FAQ - Math

# Decoding the Mystery of Solving for X: Moving Beyond "Getting X by Itself

In algebra, one of the most important concepts is solving for an unknown variable, such as x. One common phrase that is often used to describe this process is "getting x by itself." However, this phrase can be misleading for students and does not accurately convey the true objective of solving for x.

The phrase "getting x by itself" implies that the goal is to isolate x on one side of the equation, with no other terms or variables present. While this may be the end result, it does not provide any insight into the actual steps that need to be taken in order to solve for x.

Instead of focusing on "getting x by itself," students should be taught to think about the objective of solving for x in a different way. The true objective is to have the coefficient of x equal to 1 on one side of the equation. This is because when the coefficient of x is 1, it means that we have found the numerical value of x.

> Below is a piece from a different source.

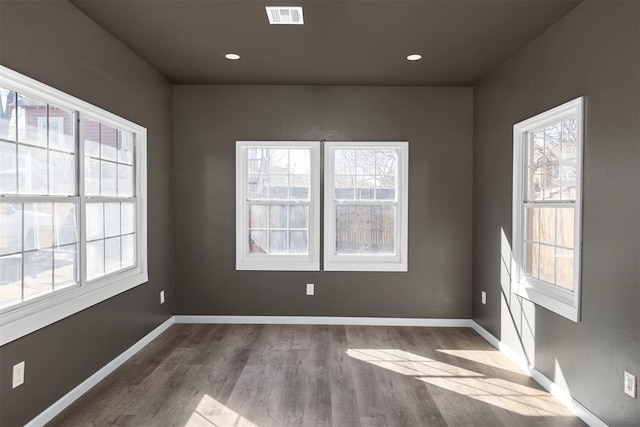 empty room with baseboards, visible vents, wood finished floors, and recessed lighting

For example, let's consider the equation 2x + 3 = 5x - 2. To solve for x, we need to perform mathematical operations on both sides of the equation in order to eliminate any terms that do not involve x. In this case, we would subtract 2x from both sides to get 3 = 3x - 2. Now, the coefficient of x is 1, and we can see that x = 1/3.

By shifting the emphasis from "getting x by itself" to having the coefficient of x equal to 1 on one side of the equation, students will be able to better understand the problem-solving process and the steps needed to solve for x. This approach will help students to focus on the objective of solving for x, rather than getting caught up in the phrase "getting x by itself."

In conclusion, the phrase "getting x by itself" is often used in algebra to describe the process of solving for an unknown variable like x. However, this phrase can be misleading for students and doesn't accurately convey the true objective of solving for x. Instead, students should be taught to focus on the objective of having the coefficient of x equal to 1 on one side of the equation as a problem solving objective. This will help students to better understand the problem-solving process and the steps needed to solve for x.